ClickHouse / spark-clickhouse-connector

Spark ClickHouse Connector build on DataSourceV2 API
https://clickhouse.com/docs/en/integrations/apache-spark
Apache License 2.0
188 stars 66 forks source link

Spark 3.5: Support micro timestamp #311

Closed Veiasai closed 6 months ago

Veiasai commented 6 months ago

Fix #310

pan3793 commented 6 months ago

thanks for making this change, do you have a chance to add a ut?

Veiasai commented 6 months ago

310

Veiasai commented 6 months ago

@pan3793 let me take a look.

By the way, how to build the java tar locally?
https://housepower.github.io/spark-clickhouse-connector/developers/01_build_and_test/ this said it should occur in build/, but I don't find it

pan3793 commented 6 months ago

Oh, I forget to update the docs when switching the default Spark version from 3.4 to 3.5, the jar should be at spark-3.5/clickhouse-spark-runtime/build/libs/

➜  Projects cd spark-clickhouse-connector
(scc) ➜  spark-clickhouse-connector git:(master) ./gradlew clean build -x test
Starting a Gradle Daemon (subsequent builds will be faster)

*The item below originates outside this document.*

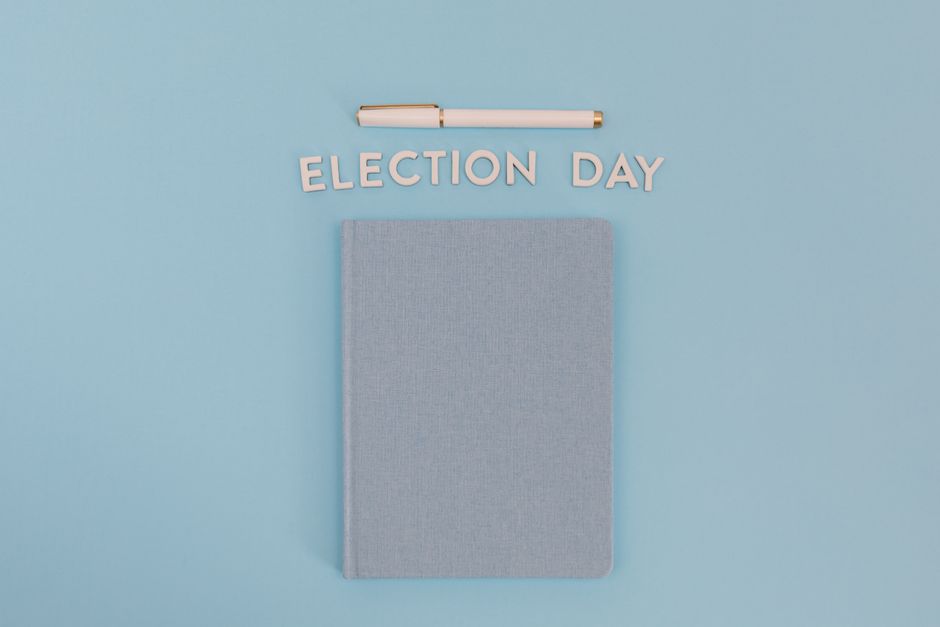 Vista plana de un cuaderno y un bolígrafo con el texto 'Día de las Elecciones' sobre un fondo azul.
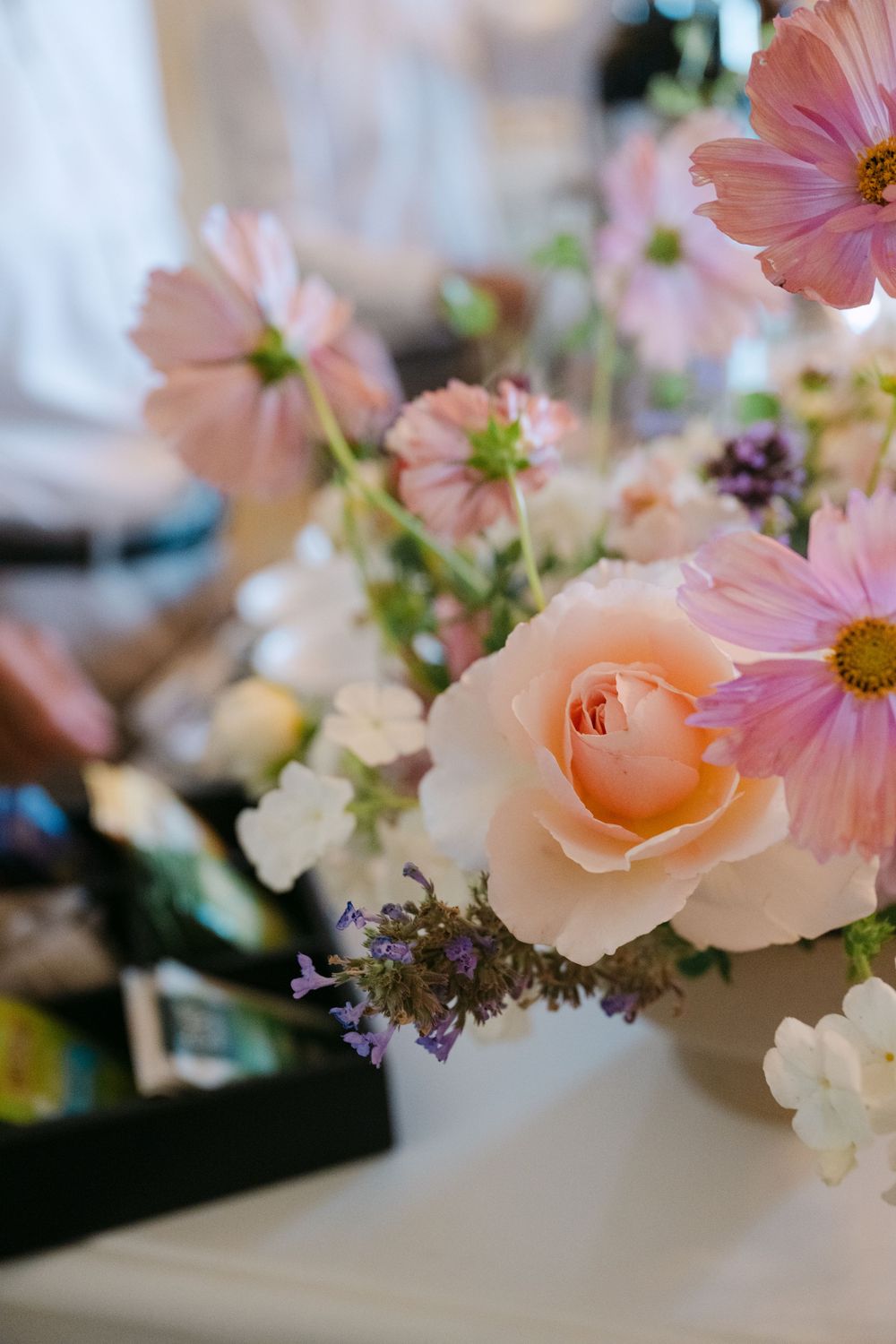 Delicate pink and peach flowers including roses and cosmos arranged in a soft, romantic garden style display.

> Task :clickhouse-core:compileScala
[Warn] : two feature warnings; re-run with -feature for details
one warning found

> Task :clickhouse-spark-3.5_2.12:compileScala
[Warn] /Users/chengpan/Projects/spark-clickhouse-connector/spark-3.5/clickhouse-spark/src/main/scala/org/apache/spark/sql/clickhouse/ExprUtils.scala:159:21: non-variable type argument Any in type pattern org.apache.spark.sql.connector.expressions.LiteralValue[Any] is unchecked since it is eliminated by erasure
one warning found

BUILD SUCCESSFUL in 29s
33 actionable tasks: 32 executed, 1 up-to-date
(scc) ➜  spark-clickhouse-connector git:(master) ll spark-3.5/clickhouse-spark-runtime/build/libs/
total 2688
-rw-r--r--  1 chengpan  staff   261B May 10 13:59 clickhouse-spark-runtime-3.5_2.12-0.8.0-SNAPSHOT-empty.jar
-rw-r--r--  1 chengpan  staff   261B May 10 13:59 clickhouse-spark-runtime-3.5_2.12-0.8.0-SNAPSHOT-javadoc.jar
-rw-r--r--  1 chengpan  staff   261B May 10 13:59 clickhouse-spark-runtime-3.5_2.12-0.8.0-SNAPSHOT-sources.jar
-rw-r--r--  1 chengpan  staff   1.3M May 10 13:59 clickhouse-spark-runtime-3.5_2.12-0.8.0-SNAPSHOT.jar
pan3793 commented 6 months ago

you can skip changes for spark-3.4 and spark-3.3, just focus on clickhouse-core and spark-3.5, there is a half-auto script to backport the patch to older spark versions.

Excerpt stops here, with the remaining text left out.